• Your assignment:
Leave the pictures in the listing below aside and reproduce exactly the lines starting with the one with "月城的尽头有座无窗神殿，殿中" and going on through the one with "伊瑟将猫抱入怀中，黑曜石镜忽", both ends included.

• Dataset content:
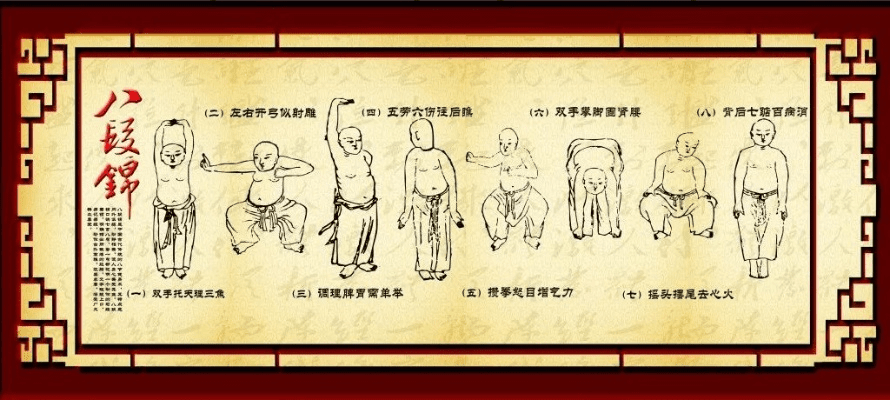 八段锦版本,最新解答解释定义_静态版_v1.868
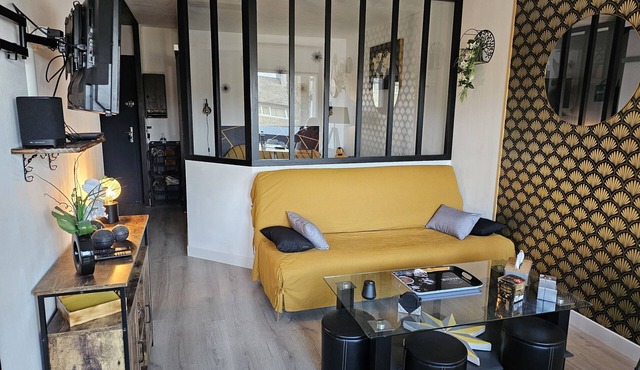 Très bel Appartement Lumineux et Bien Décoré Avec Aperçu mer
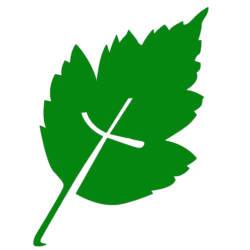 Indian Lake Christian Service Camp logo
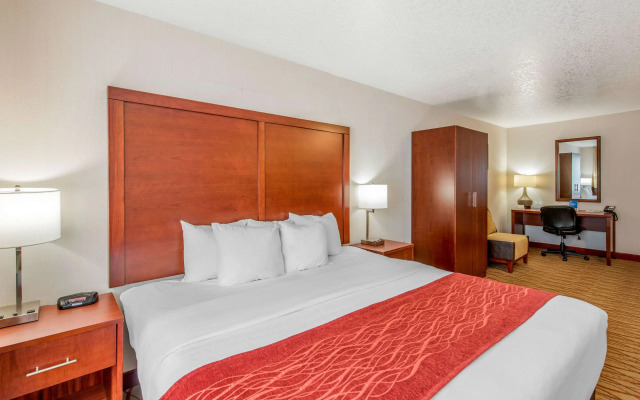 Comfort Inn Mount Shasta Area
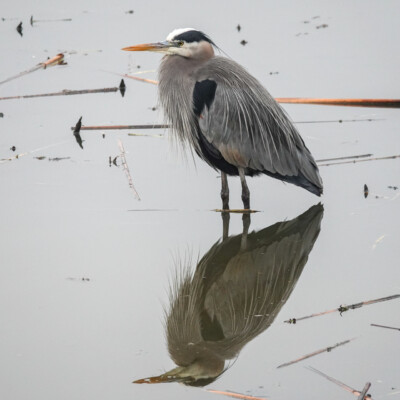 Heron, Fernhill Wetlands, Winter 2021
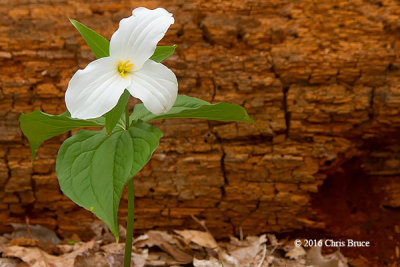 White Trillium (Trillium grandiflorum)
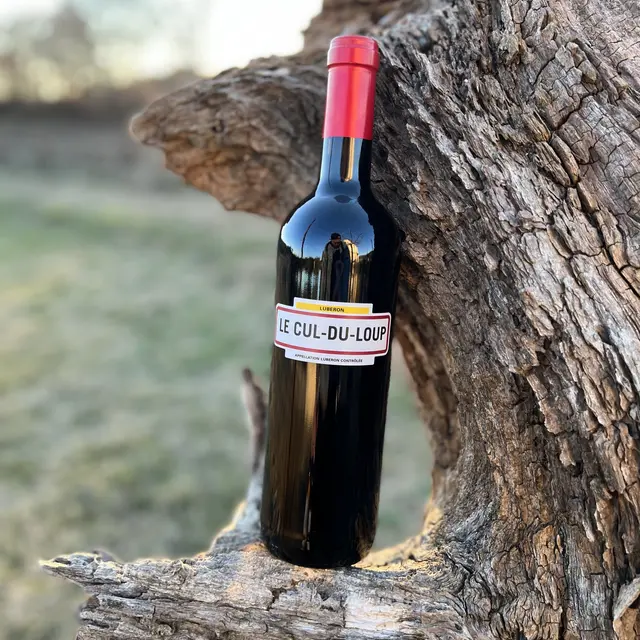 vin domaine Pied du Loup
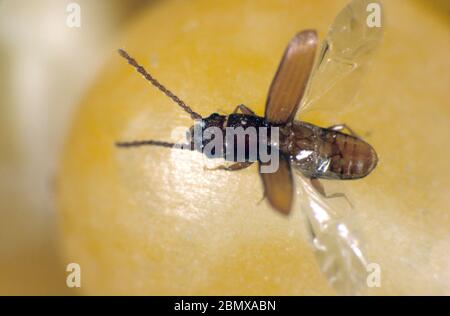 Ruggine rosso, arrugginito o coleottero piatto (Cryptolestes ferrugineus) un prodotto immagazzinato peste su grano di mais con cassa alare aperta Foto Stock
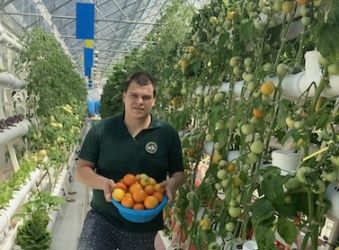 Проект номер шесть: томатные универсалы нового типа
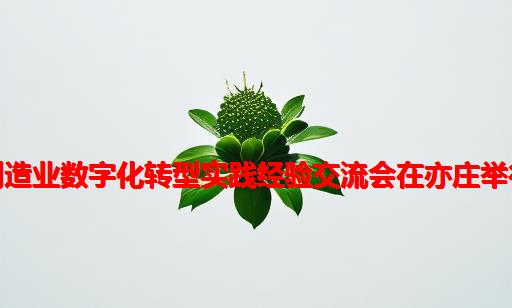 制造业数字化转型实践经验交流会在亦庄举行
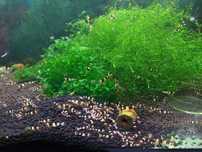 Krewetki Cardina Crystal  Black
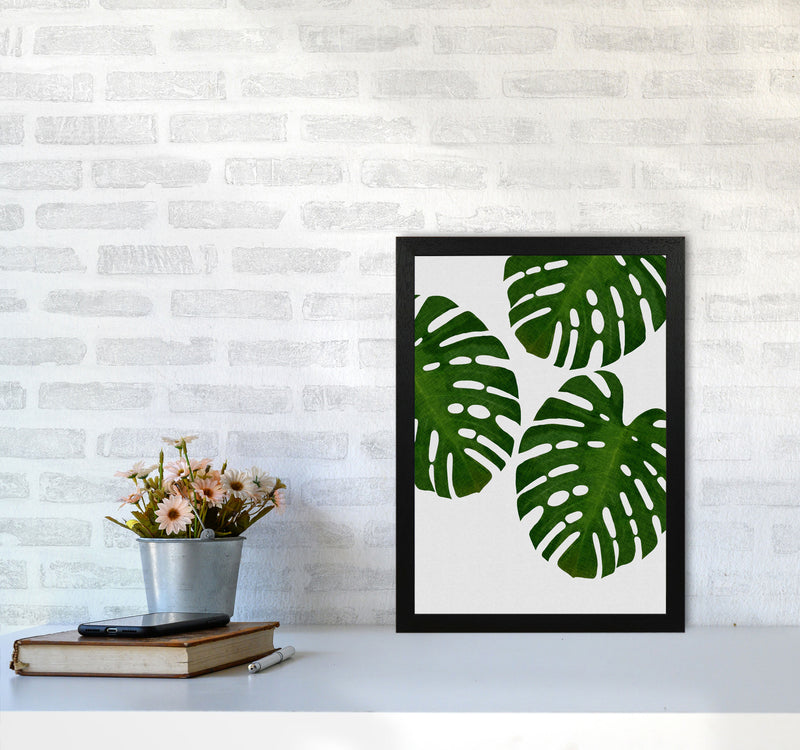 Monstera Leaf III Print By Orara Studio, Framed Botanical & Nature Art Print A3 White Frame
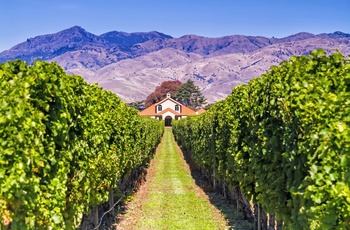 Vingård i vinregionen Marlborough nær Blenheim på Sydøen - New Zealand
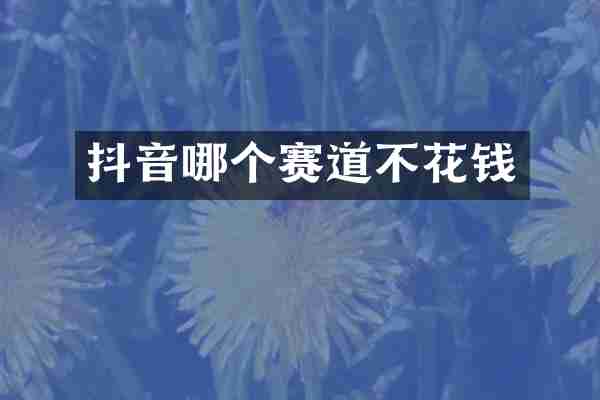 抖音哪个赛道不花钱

...

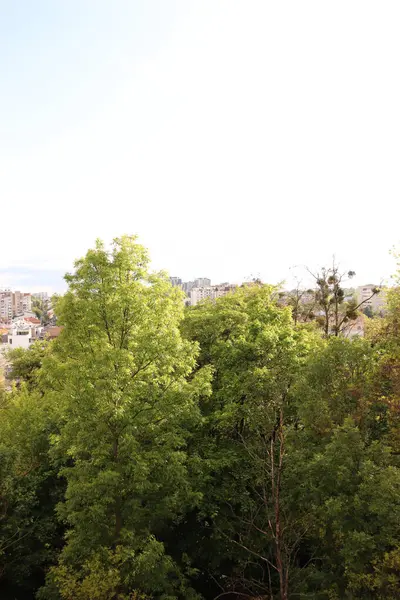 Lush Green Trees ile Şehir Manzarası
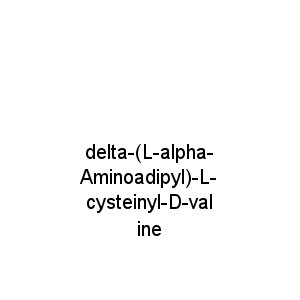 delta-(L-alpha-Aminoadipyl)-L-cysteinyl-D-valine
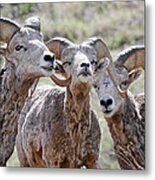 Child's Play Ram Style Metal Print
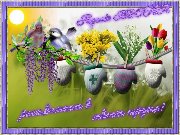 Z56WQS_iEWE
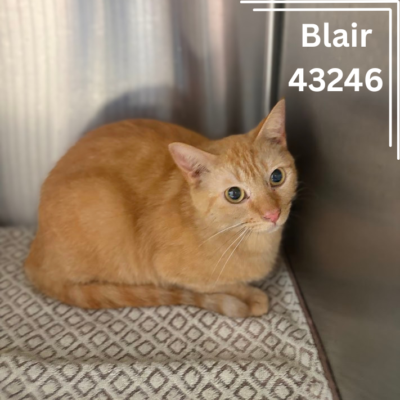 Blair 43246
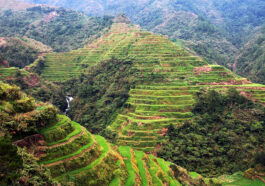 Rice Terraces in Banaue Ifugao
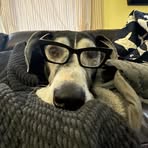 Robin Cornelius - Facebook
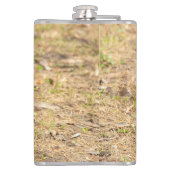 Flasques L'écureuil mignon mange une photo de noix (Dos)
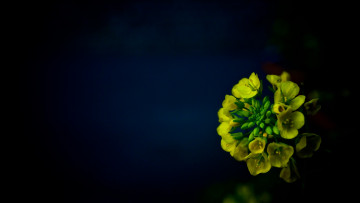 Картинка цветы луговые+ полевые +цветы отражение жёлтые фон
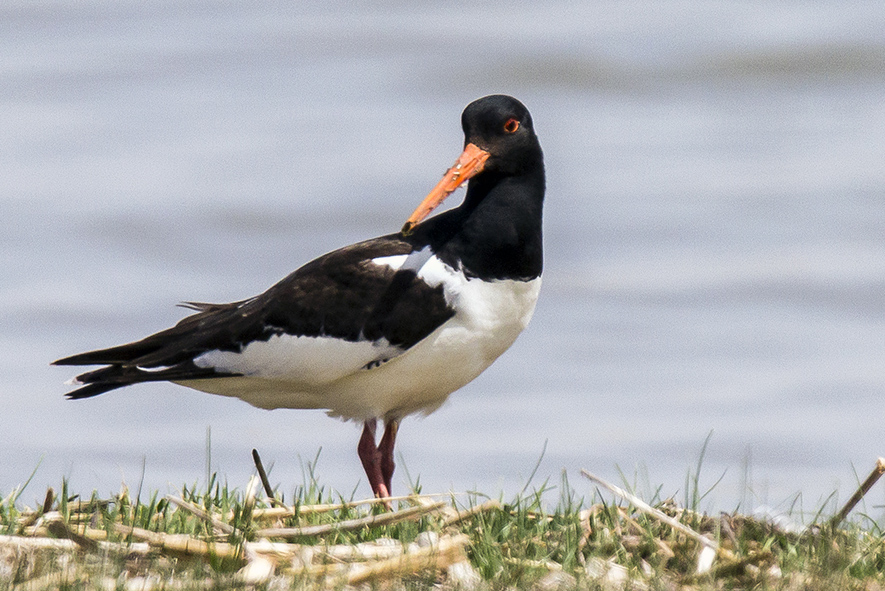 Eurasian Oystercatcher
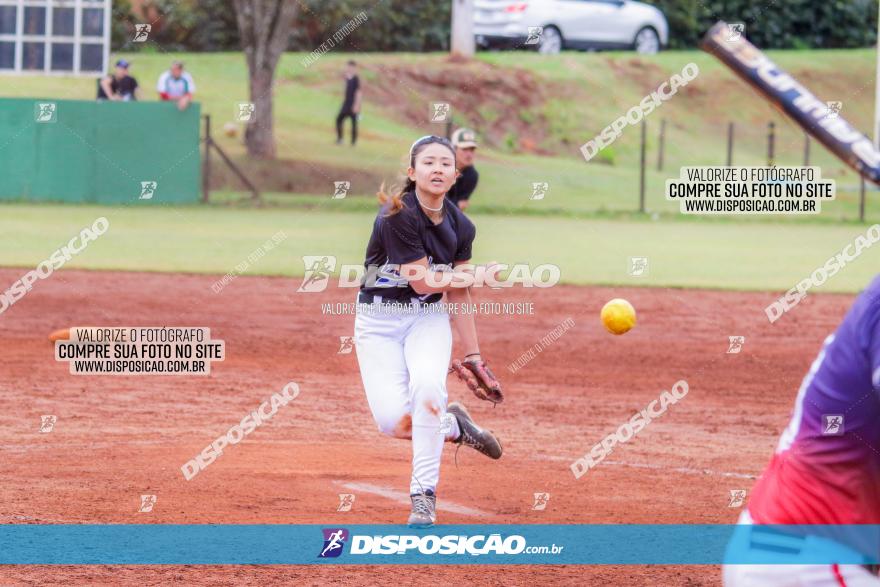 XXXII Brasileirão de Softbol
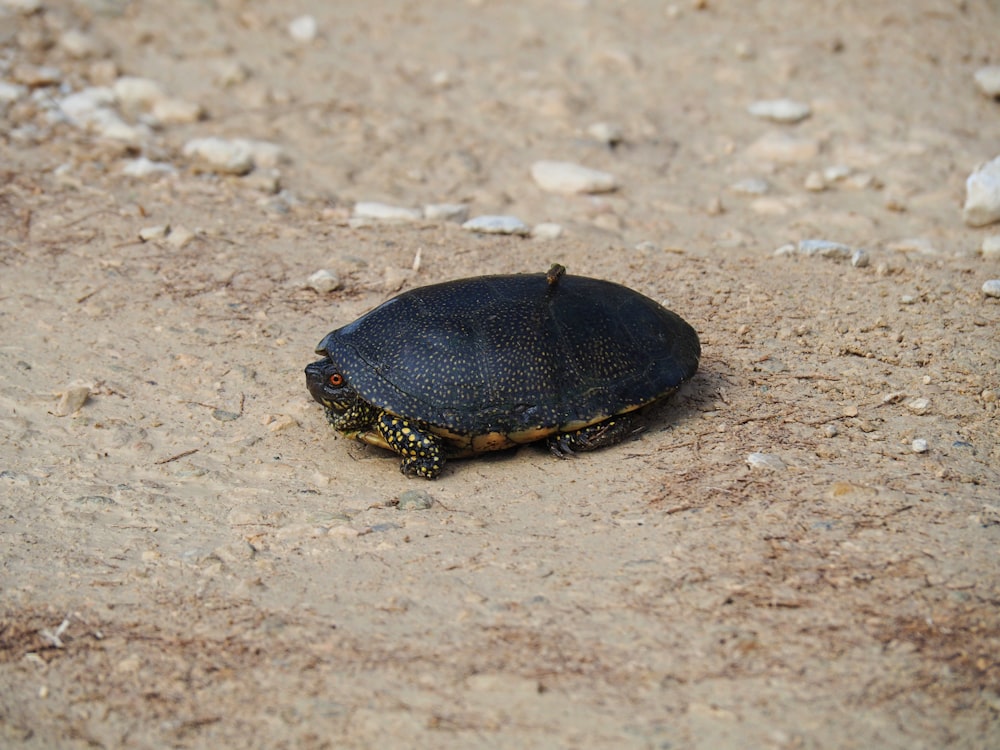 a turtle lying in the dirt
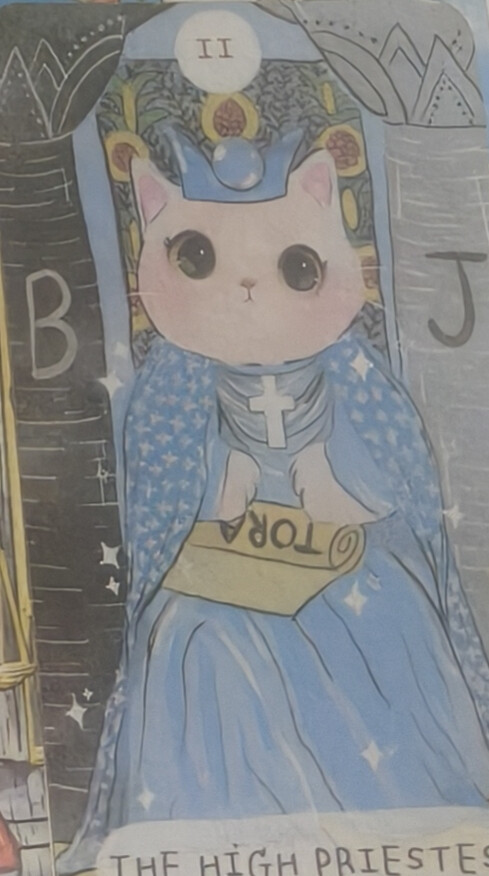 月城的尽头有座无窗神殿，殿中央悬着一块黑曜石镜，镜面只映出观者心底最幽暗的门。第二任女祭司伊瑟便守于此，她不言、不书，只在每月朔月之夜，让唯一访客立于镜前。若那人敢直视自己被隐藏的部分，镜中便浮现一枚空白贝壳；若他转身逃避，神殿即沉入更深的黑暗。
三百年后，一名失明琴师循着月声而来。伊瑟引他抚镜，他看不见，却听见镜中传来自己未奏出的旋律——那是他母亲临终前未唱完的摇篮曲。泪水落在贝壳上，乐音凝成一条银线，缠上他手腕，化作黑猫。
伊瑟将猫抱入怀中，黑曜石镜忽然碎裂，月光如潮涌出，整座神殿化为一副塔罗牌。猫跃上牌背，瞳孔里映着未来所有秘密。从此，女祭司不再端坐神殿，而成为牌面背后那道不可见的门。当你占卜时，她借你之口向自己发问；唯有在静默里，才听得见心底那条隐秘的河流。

...

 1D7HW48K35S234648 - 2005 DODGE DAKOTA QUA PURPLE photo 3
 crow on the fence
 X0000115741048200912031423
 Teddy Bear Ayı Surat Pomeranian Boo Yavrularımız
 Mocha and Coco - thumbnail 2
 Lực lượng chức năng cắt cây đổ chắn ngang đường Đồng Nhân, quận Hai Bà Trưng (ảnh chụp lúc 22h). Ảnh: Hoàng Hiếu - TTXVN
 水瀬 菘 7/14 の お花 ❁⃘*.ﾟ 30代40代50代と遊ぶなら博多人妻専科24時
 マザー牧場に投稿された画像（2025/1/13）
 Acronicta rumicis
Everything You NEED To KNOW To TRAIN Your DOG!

• Answer to this task:
 月城的尽头有座无窗神殿，殿中央悬着一块黑曜石镜，镜面只映出观者心底最幽暗的门。第二任女祭司伊瑟便守于此，她不言、不书，只在每月朔月之夜，让唯一访客立于镜前。若那人敢直视自己被隐藏的部分，镜中便浮现一枚空白贝壳；若他转身逃避，神殿即沉入更深的黑暗。
三百年后，一名失明琴师循着月声而来。伊瑟引他抚镜，他看不见，却听见镜中传来自己未奏出的旋律——那是他母亲临终前未唱完的摇篮曲。泪水落在贝壳上，乐音凝成一条银线，缠上他手腕，化作黑猫。
伊瑟将猫抱入怀中，黑曜石镜忽然碎裂，月光如潮涌出，整座神殿化为一副塔罗牌。猫跃上牌背，瞳孔里映着未来所有秘密。从此，女祭司不再端坐神殿，而成为牌面背后那道不可见的门。当你占卜时，她借你之口向自己发问；唯有在静默里，才听得见心底那条隐秘的河流。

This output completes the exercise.